LeCamp Zeist est une ancienne base militaire au Pays-Bas. Elle est devenue officiellement territoire écossais pendant trois ans. En effet, au terme de longues négociations, le colonel Kadhafi avait accepté qu’y soient jugés deux Libyens soupçonnés d’avoir préparé un attentat contre un avion de la Pan Am en 1988. L’explosion s’était produite au-dessus du village écossais Lockerbie.
De la même façon, il n’est pas question qu’une princesse des Pays-Bas voit le jour hors du territoire national. Mais que faire, en 1940, quand la famille royale a fui le pays, occupé par l’armée nazie ? On a conféré le statut d’extraterritorialité à un hôpital d’Ottawa pendant quelques semaines, afin qu’il ne soit pas dit qu’une princesse soit née à l’étranger.

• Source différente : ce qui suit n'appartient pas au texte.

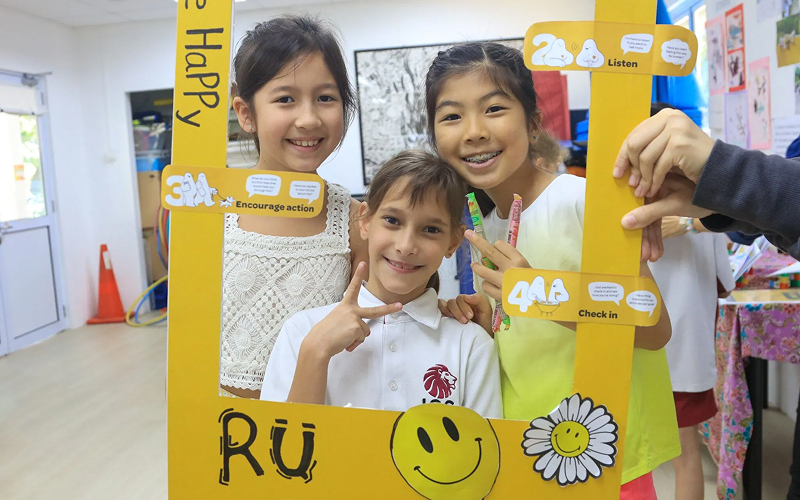 Students smiling together during a school wellbeing awareness activity.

L’auteur se délecte des aventures guignolesques de la Principauté de Sealand au large des côtes anglaises. Récupérant une plate-forme militaire en dehors des eaux territoriales, un original a créé un état indépendant qu’aucun pays du monde n’a reconnu. Impliquée dans un trafic de faux-passeports, le site a été ravagé par un incendie en 2006. Il est à vendre.
Entre les lieux qui disparaissent et ceux qui changent au gré des caprices des hommes, la géographie demeure plus que jamais une science en mouvement.